Dans quels environnements grandissent les tout-petits au Québec

Cet automne, l'Observatoire des tout-petits a publié la 3e édition de son portrait intitulé Dans quels environnements grandissent les tout-petits au Québec. Ce document, qui regroupe près de cent indicateurs sur la petite enfance, met en lumière les environnements dans lesquels évoluent les enfants de 0 à 5 ans et identifie les risques qui menacent leur développement. En plus de dresser ce portrait, le rapport recense plusieurs pistes de solution pour améliorer la situation. À l’occasion de sa parution, une discussion a eu lieu entre Julie Cailliau, directrice de l’Observatoire des tout-petits, et Élise Boyer, directrice de la Fondation Olo, afin de réfléchir ensemble aux conclusions de cette étude.

Pourquoi se concentrer sur les milieux familiaux, physiques et éducatifs?
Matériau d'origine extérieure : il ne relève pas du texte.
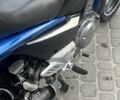 Синий Сузуки GSR 250, объемом двигателя 0.25 л и пробегом 39 тыс. км за 2600 $, фото 22 на Automoto.ua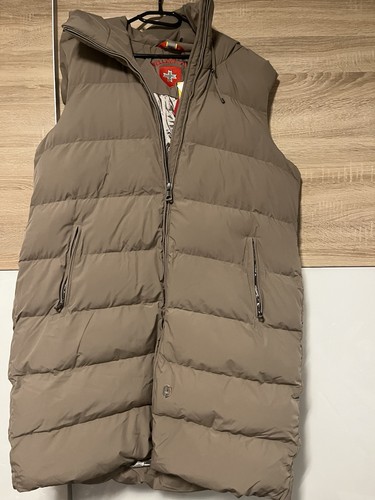 Neue wellensteyn weste damen - neue,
Le rapport s’intéresse tout particulièrement aux environnements familiaux, physiques et éducatifs des tout-petits. Julie Cailliau explique : « Ces trois milieux comportent des facteurs de risques et de protection qui influencent le développement et la santé des enfants. C’est pourquoi nous avons choisi de les aborder en profondeur, à travers plusieurs indicateurs dans chaque section, pour mieux comprendre les enjeux actuels. »

Des iniquités persistantes et préoccupantes

En comparant cette nouvelle édition à celle de 2019, il est évident que certaines iniquités persistent et préoccupent. Une conclusion marquante du rapport est que certains enfants vivent dans des environnements qui présentent davantage de risques pour leur développement, qu’on pense à ceux issus de familles à faible revenu, monoparentales ou récemment immigrées. Julie Cailliau souligne aussi que de nouveaux indicateurs ont fait leur apparition dans cette nouvelle édition : « Par exemple, le taux de plomb dans le sang des enfants a diminué grâce aux mesures de santé publique mises en place. Cependant, de nouveaux enjeux émergent, comme l'impact des écrans sur le développement des enfants, un phénomène qui est de plus en plus documenté. »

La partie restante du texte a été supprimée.